Now a council
uses cameras in bean tins to catch bin 'criminals'
UK Daily Mail | March 20, 2007
A local council is to use hidden
cameras to catch residents who leave rubbish out on the wrong day.
CCTV devices will be disguised
inside objects such as baked bean cans and house bricks to film
offenders.
The covert surveillance has been
ordered by Ealing council to target "enviro-criminals" - those who
leave out black bags when they should not or let the contents spill
on to the pavement. Offenders can be issued with onthe-spot fines of
up to £1,000.
Cameras will be installed around
the London borough before the change in collections from weekly to
fortnightly. But today the move was attacked as an invasion of
privacy.
The cameras, which cost about £200
each, are triggered by builtin movement sensors.
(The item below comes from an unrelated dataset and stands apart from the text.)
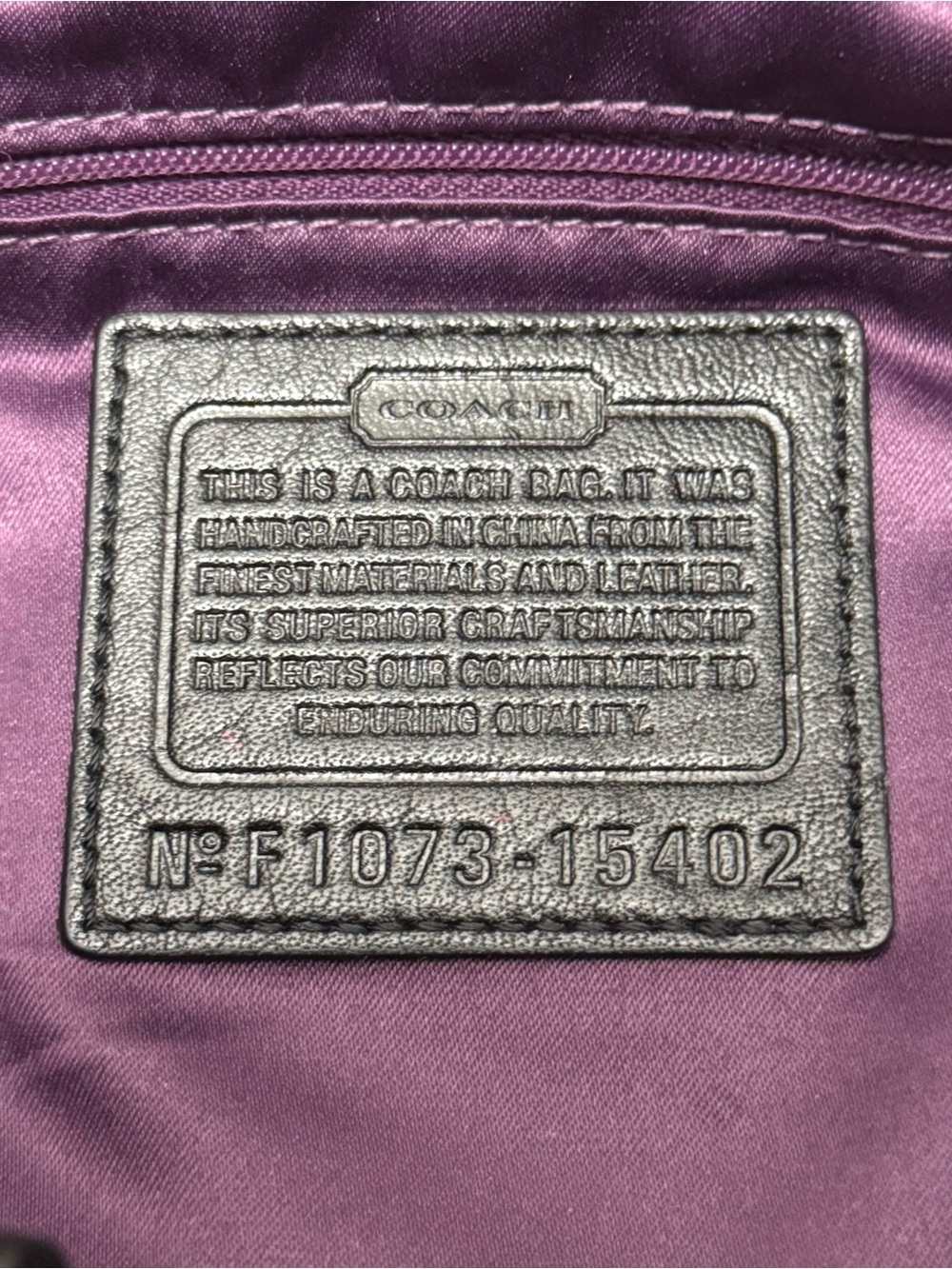 Coach Mia Op Art Signature Carryall Bag/Tote - Picture 12 of 12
It is understood
they are to be used to catch large-scale fly-tippers and graffiti
vandals but the council said residents who failed to abide by refuse
collection times would also be punished.
Tory-controlled Ealing said: "To
catch vandals and envirocriminals, cameras disguised as anything
from tin cans to house bricks will email images to the council's
CCTV control centre."
Will Brooks, the Tory councillor
responsible for environment and transport, said anyone who broke the
rules on collection would be considered to be a fly-tipper.
Labour councillor Virendra Sharma
said: "I predict a lot of complaints about this method of catching
litter louts. It is possible that many will question the motives of
using CCTV and feel it is an infringement of privacy.
"Educating people on rubbish
collection times is a better longterm solution than spy cameras in
baked bean tins."
In 2004, the Audit Commission
rated Ealing as having the dirtiest streets in London. Human rights
group Liberty said: "Let's give people more opportunities to be
clean and green rather than declaring that if you put your bin out
at the wrong time you are committing criminal activity."